朗読に使われる言葉としては、チェコ語、ラテン語というコメンスキーが執筆に使った言葉はもちろん、英語やドイツ語、日本語などの想定できる言葉に加えて、エスペラントとカシューブ語までが挙げられている。エスペラント訳は、かつてのチェコスロバキアが一時はエスペラントに力を入れていたこともあって存在してもおかしくないと思うのだけど、ポーランド(ドイツにもいるかも)の少数民族の言語であるカシューブ語訳なんて存在するのか? カシューブ語が出来るコメンスキー研究者が自ら翻訳してこのイベントに臨むという可能性もあるなあ。この二つの言葉での朗読は、さっぱりわからないだろうけど、こわいもの見たさで聞いてみたいような気もする。
参加差者以外でも、朗読の様子がユーチューブでライブストリームが行われるらしいので、聞くことは可能なようである。哲学研究所がこのイベントのために開設したチャンネルがこれ。一つ目のビデオは科学アカデミーの建物内のコメンスキー関係の展示を紹介したもの。二つ目が15日の朗読マラソン用のもので、木曜日の夜中の時点ですでに数人の人が待機中になっている。当日ネットの状況がよかったら覗いてみようかな。でも、最近、チェコテレビのネット上の中継もまともに見られたことがないんだよなあ。
2020年11月12日24時。
2019年05月04日
電車にて『しょうせつ教育原論202X』を斜め読みすること。

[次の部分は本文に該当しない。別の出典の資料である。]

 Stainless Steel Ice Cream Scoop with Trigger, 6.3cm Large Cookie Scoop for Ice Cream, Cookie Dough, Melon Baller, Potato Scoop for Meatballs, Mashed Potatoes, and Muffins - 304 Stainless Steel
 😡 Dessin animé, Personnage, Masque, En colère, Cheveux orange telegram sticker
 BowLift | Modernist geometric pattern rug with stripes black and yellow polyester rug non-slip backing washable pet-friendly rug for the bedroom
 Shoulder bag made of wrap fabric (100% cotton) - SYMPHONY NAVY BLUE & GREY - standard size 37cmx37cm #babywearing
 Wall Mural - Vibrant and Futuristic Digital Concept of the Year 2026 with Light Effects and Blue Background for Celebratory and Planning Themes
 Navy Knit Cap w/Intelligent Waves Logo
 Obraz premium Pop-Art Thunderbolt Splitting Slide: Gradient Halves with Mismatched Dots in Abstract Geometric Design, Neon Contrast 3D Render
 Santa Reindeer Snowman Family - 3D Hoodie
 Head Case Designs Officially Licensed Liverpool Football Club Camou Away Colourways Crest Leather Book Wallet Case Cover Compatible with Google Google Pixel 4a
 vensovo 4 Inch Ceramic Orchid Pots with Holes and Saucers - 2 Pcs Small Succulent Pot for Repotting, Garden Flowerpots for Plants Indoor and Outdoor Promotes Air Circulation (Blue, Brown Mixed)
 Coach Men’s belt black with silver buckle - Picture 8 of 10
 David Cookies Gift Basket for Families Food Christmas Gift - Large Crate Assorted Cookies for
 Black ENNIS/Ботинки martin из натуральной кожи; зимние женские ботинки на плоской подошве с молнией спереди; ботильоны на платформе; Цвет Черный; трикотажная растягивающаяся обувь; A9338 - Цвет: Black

付けたり『コメニウスの旅』(五月二日)
本当は四月末のプラハに出かけたときの話に加えて書くつもりだったのだけど、例によって長文化してしまったので、分割して先送りにしてしまった結果、頂いたのはまだ平成の末年のことだったのに、お礼の記事を書くのは令和の初年になってからということになってしまった。お礼とはいっても、お太鼓な記事は書けないので、読んで(正確には時間の関係でぱらぱらめくって)の感想ということになる。
あの日は、スタロプラメン一杯分酔った頭で、電車に乗り込み、誰もいないレギオのビジネスのコンパートメントでもらった本を開いた。『しょうせつ教育原論202X』のカバーデザインは、原稿用紙に本の冒頭部分を書いているところが描かれているのだが、裏表紙の上の部分にバーコードとISBN番号が入っているのが、全体を見たときの雰囲気を壊している。せめて下に移動させて帯で隠すなんてことはできなかったのだろうか。でもレジのことを考えたら無理か。
表紙側だけを見ている分には、問題なくデザインを堪能できるのだけど、冒頭の文を読み始めて、背表紙になっている柱の部分を越えて、次の行を読もうと思ったら、バーコードで隠れている。手で隠れているのは、カバー絵のコンセプト通りだから気にならないが、バーコードとISBN番号で原稿用紙と原稿が切れているのは、何とももったいない話である。帯にも原稿用紙の罫線が刷ってあってすごく凝っているのに、バーコードが装丁の妨げになるという実例である。何か手はないのかなあ。
読み始める前、いや読み始めてからもしばらくは「しょうせつ」は「小説」のことだと思い込んでいた。著者からは構想についてお話を聞く機会があったので、教育学部に入学したばかりの主人公が教育について学んで成長していく姿を描く教養小説的な内容になっているのだと思い込んでいた。だから、第一部に入って、ブログに記事をアップするという設定はあったとはいえ、突然きっちりした解説の文章が始まったときには戸惑った。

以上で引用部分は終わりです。